__Brief__: Give back exactly the stretch of data below from the line holding "Cretan Farmers Dressing" through the line holding "S SULLIVAN INSURANCE AGENCY", both ends included, and leave the remaining lines out.

__Records to process__:
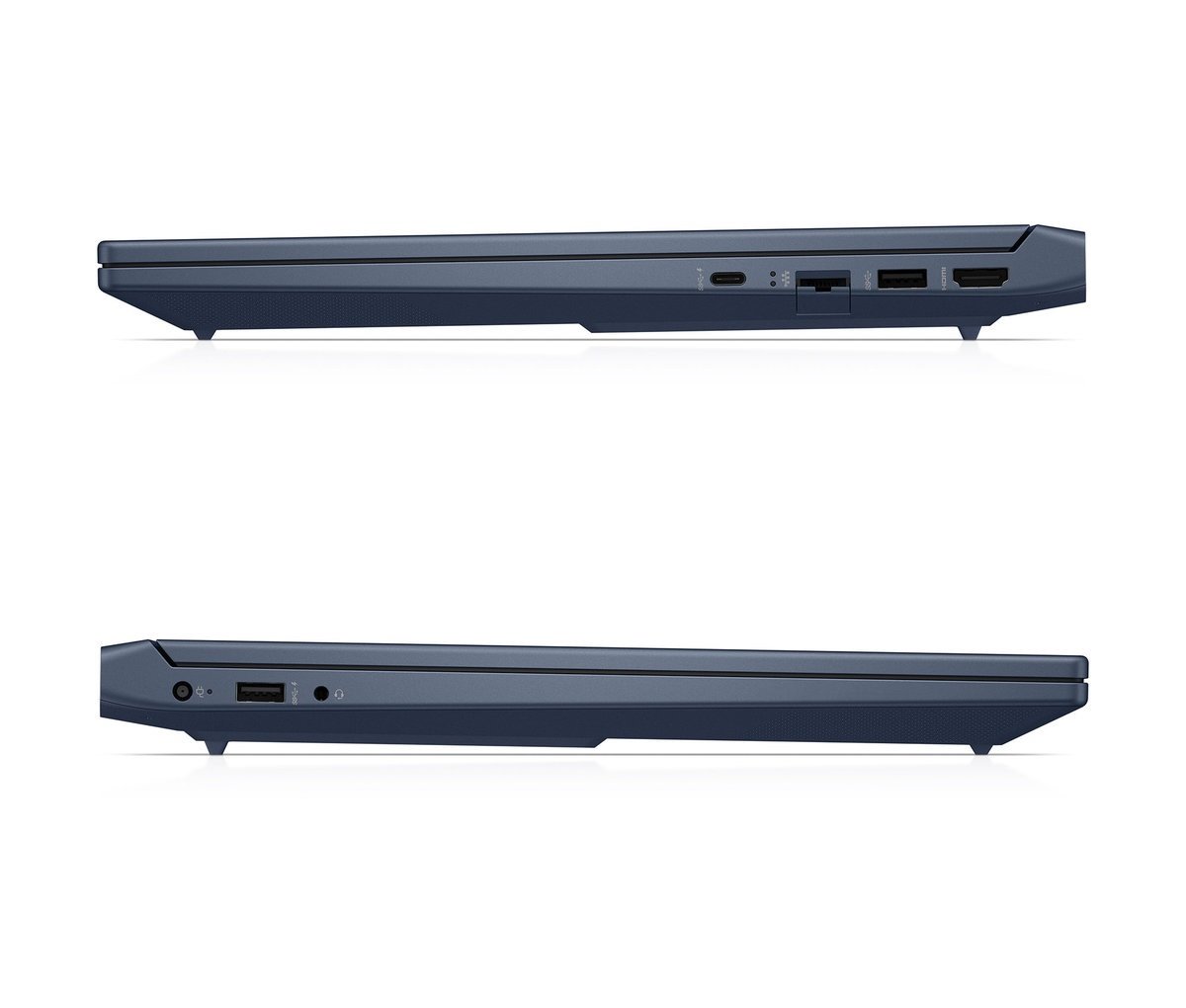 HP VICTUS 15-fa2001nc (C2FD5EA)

---

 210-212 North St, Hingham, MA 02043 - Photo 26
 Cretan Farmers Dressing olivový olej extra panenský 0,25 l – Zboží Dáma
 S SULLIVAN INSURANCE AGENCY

__Response to the task__:
 Cretan Farmers Dressing olivový olej extra panenský 0,25 l – Zboží Dáma
 S SULLIVAN INSURANCE AGENCY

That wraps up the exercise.